After a brief return to Trat and with Ali’s foot somewhat recovered we decided to head
towards Laos, now one of the few countries in the world purportedly still without any infections. Bordering China, Vietnam, Thailand and Cambodia this is without doubt not the case. Being one of the poorest countries in the world it is not well equipped for screening or the dissemination of information. Nevertheless, people are not dropping like flies.
Our long-term plans had then been to advance up into China, but that is certainly not imminently possible. China itself is recovering well and new infections are almost exclusively actually now imported rather than by transmission among themselves. Thus with a great flip of circumstance they are not overly keen on welcoming tourists, either recommending or insisting on a period of quarantine. Of course this is sensible prudent practice.
This brings up the moral footnote…
Of course we are not oblivious to the fact that flitting from one country to another at this time is far from totally responsible behavior. However, visa duration limitations and the penalties for overstaying force hundreds of thousands of backpackers worldwide to keep moving. So, unable (or financially/time unwilling) to remain static the backpacker is currently, without doubt, a
massive liability to containment programs. The only true solution is for everyone to return to their home countries and not move until the virus has finally burnt itself out. For the UK that would see (and here I pluck a conservative estimate out of the air based on 1:10,000 of the population backpacking at any one time) some 7,000 individuals return home to self-isolate. Personally, we would have to shack up with my parents (both over 80, one a chronic asthmatic on steroids) or with Ali’s mum (even older and hypertensive) – that’s simply not going to happen. Across Europe a simultaneous return of all backpackers would see one hell of an influx and even as I type airlines are already slashing flights and cranking prices. Equally, where does this leave the tourism industry in countries – like Laos – who are so, so, reliant on it. The 2018 troubles in Nicaragua saw tourist visits cease and thousands of associated businesses went to the wall. The result? Failed business owners, their employees and dependents were forced to leave their families and seek employment in other cities (movement) and, in no small number, in nearby countries (movement). Or starve. Yes, stasis
hurts all businesses, but in the West there may well (surely will) be financial support, tax breaks, bridging loans available; in the developing world such buffers do not exist.
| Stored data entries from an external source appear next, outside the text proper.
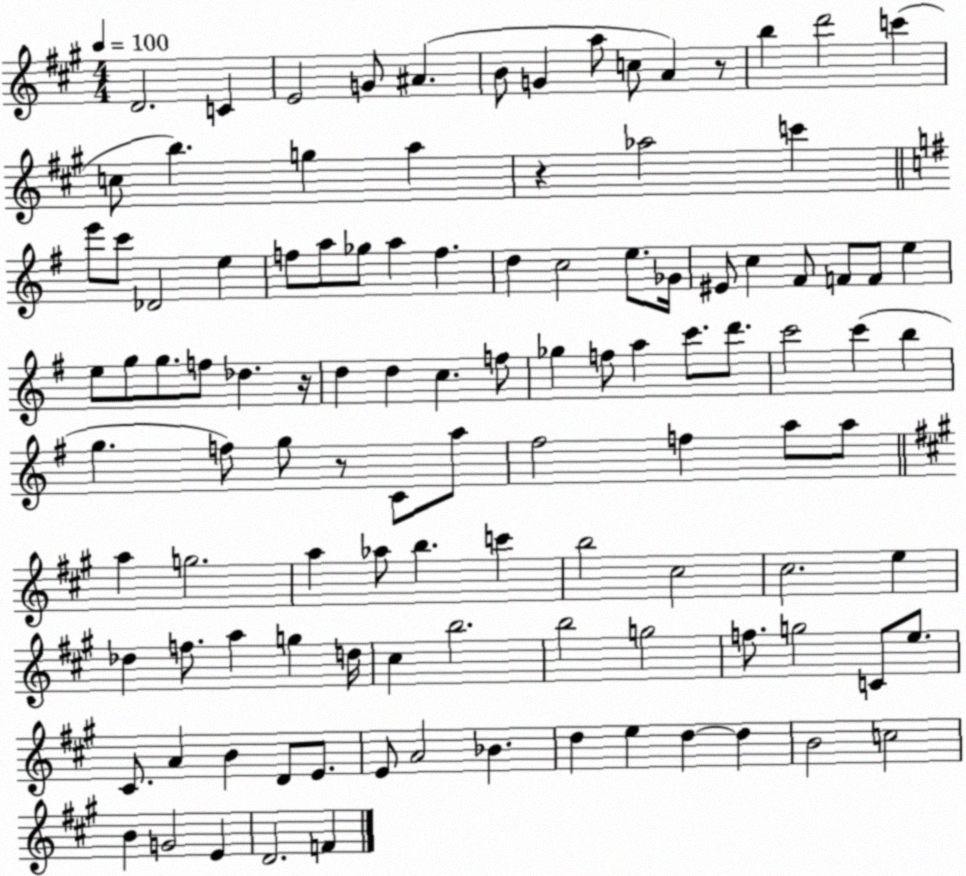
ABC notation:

X:1
T:Untitled
M:4/4
L:1/4
K:A
D2 C E2 G/2 ^A B/2 G a/2 c/2 A z/2 b d'2 c' c/2 b g a z _a2 c' e'/2 c'/2 _D2 e f/2 a/2 _g/2 a f d c2 e/2 _G/4 ^E/2 c ^F/2 F/2 F/2 e e/2 g/2 g/2 f/2 _d z/4 d d c f/2 _g f/2 a c'/2 d'/2 c'2 c' b g f/2 g/2 z/2 C/2 a/2 ^f2 f a/2 a/2 a g2 a _a/2 b c' b2 ^c2 ^c2 e _d f/2 a g d/4 ^c b2 b2 g2 f/2 g2 C/2 e/2 ^C/2 A B D/2 E/2 E/2 A2 _B d e d d B2 c2 B G2 E D2 F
It may not be deemed necessary, certainly here in Asia where the tide appears to have turned in China, South Korea, Japan and Singapore (although, worryingly, Thailand, Malaysia and Cambodia are seeing some up-ticks in recent days), but a world-wide country lock-down needs be met with a sensible withdrawal of visa limitations for the entrapped. These individuals need to be encouraged to do the right thing and just sit tight, spending their money in the immediate vicinity and helping dependent businesses survive. Hopefully the locale populace will be well enough informed to know that an (eg.) European individual is of no greater risk to them than their compatriates if those foreigners have been in that country for greater than two weeks.
And so a full circle. It was a strange time to be travelling during the first Gulf war, but this, for anyone born post-1945, is simply unprecedented.
Please keep washing those hands, minimizing journeys and drinking alcohol (OK, so the latter
is, sadly, almost certainly, complete misinformation – for once not coming from tee-total Trump - but, hell, any excuse….).